┌─ RECORDED INFORMATION
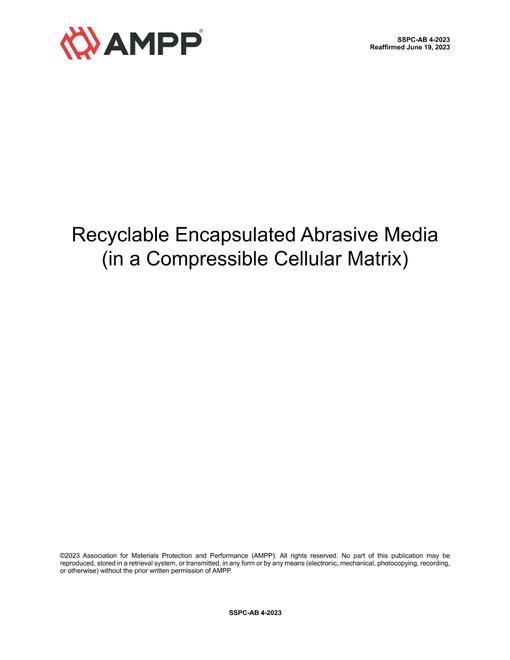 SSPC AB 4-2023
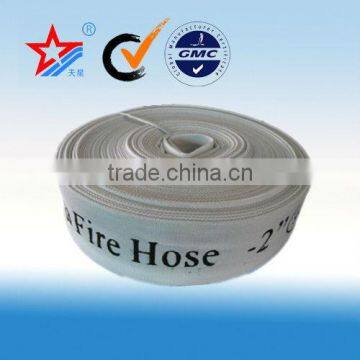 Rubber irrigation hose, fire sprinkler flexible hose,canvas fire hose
└─
┌─ RECORDED INFORMATION
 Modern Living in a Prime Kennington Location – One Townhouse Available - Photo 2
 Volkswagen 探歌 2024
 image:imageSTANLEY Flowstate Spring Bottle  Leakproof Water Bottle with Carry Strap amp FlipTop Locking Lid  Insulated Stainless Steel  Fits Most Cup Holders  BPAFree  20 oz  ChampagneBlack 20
└─
*HOW TO COMPLETE THIS TASK*:
With the line that has "Volkswagen 探歌 2024" as the first and the line that has "image:imageSTANLEY Flowstate Spring" as the last, repeat exactly that run of lines above and no more.

*ANSWER FOR THE TASK*:
 Volkswagen 探歌 2024
 image:imageSTANLEY Flowstate Spring Bottle  Leakproof Water Bottle with Carry Strap amp FlipTop Locking Lid  Insulated Stainless Steel  Fits Most Cup Holders  BPAFree  20 oz  ChampagneBlack 20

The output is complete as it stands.